Scraped caption text data
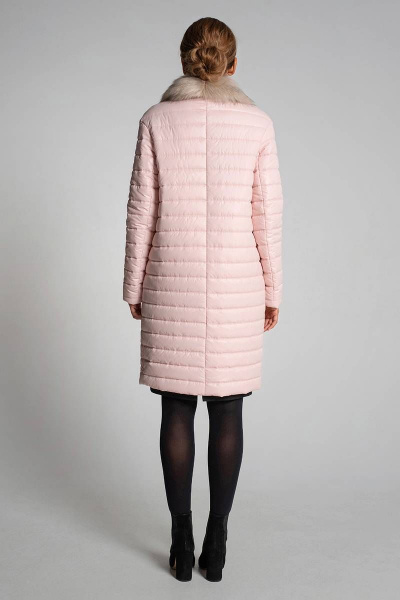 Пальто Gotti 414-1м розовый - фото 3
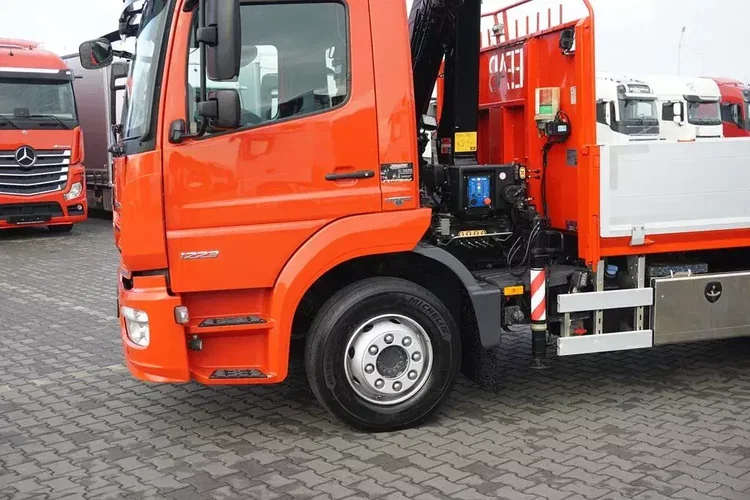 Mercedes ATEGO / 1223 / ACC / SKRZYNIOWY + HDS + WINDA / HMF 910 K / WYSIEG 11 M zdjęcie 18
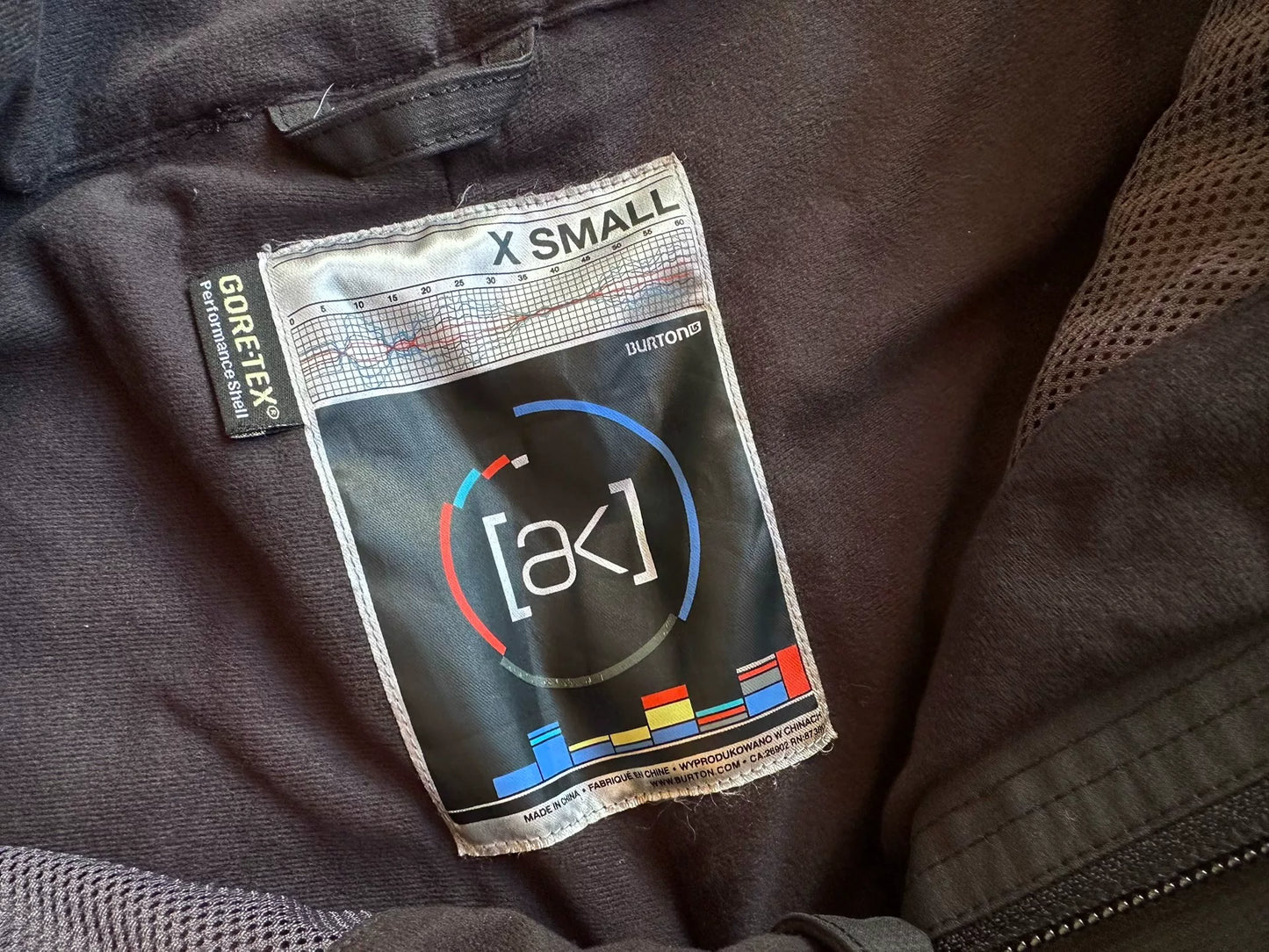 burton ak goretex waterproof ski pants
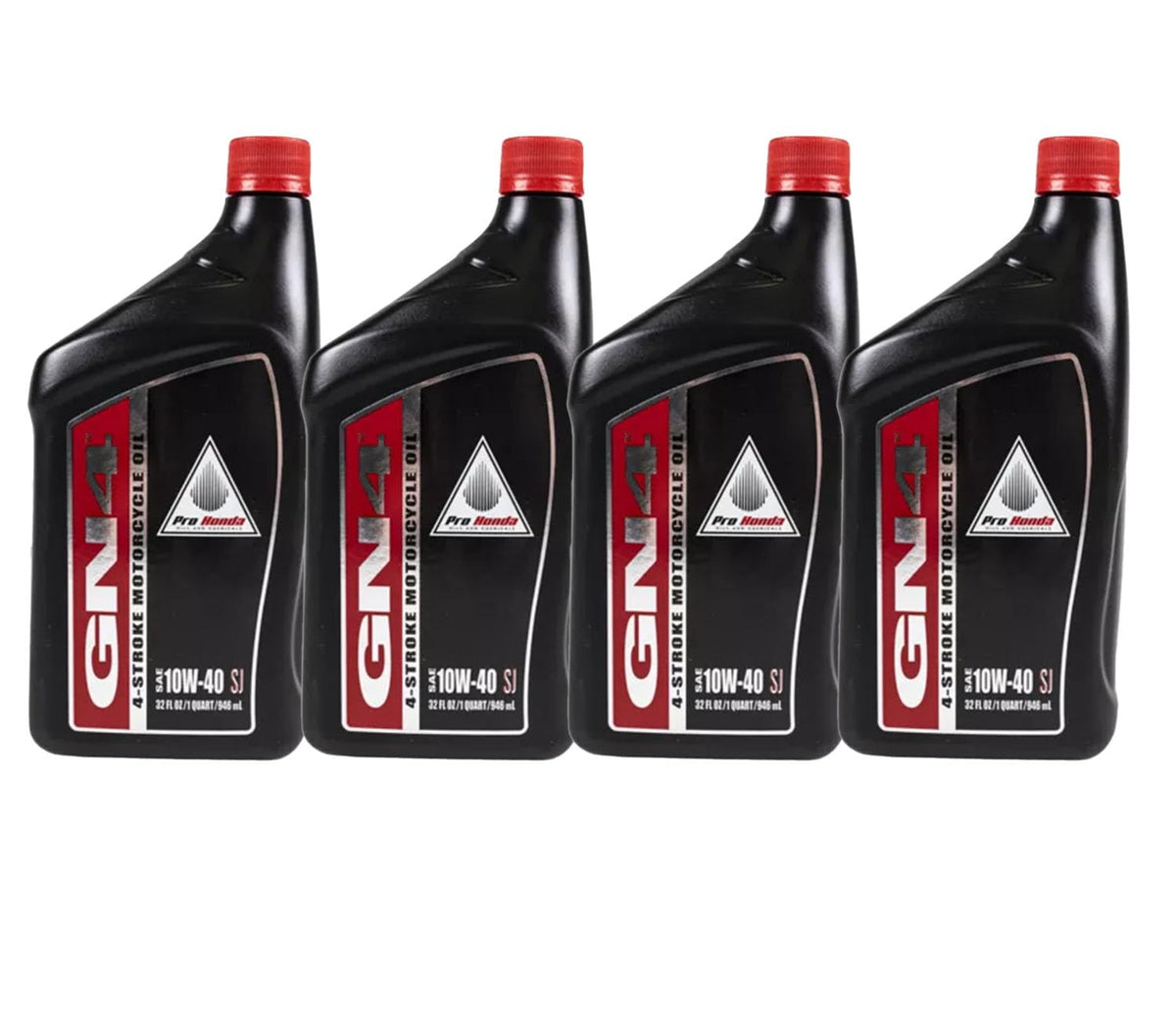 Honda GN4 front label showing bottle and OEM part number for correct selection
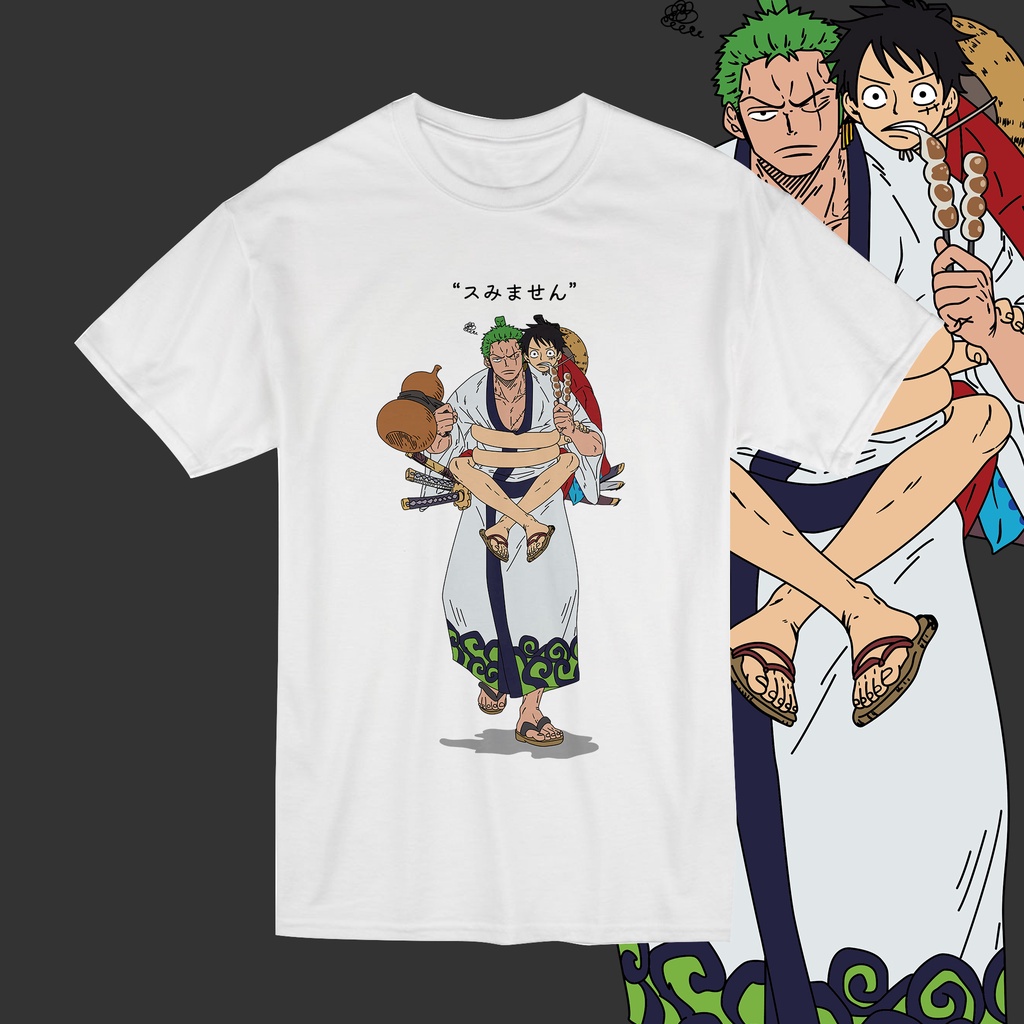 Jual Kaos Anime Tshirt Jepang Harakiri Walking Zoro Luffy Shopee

• **ABOUT THIS EXERCISE**
Word for word, copy the lines from the one with "burton ak goretex waterproof ski pants" through the end of the entries above, and do not include any picture.

• **THE COMPLETED TASK**
 burton ak goretex waterproof ski pants
 Honda GN4 front label showing bottle and OEM part number for correct selection
 Jual Kaos Anime Tshirt Jepang Harakiri Walking Zoro Luffy Shopee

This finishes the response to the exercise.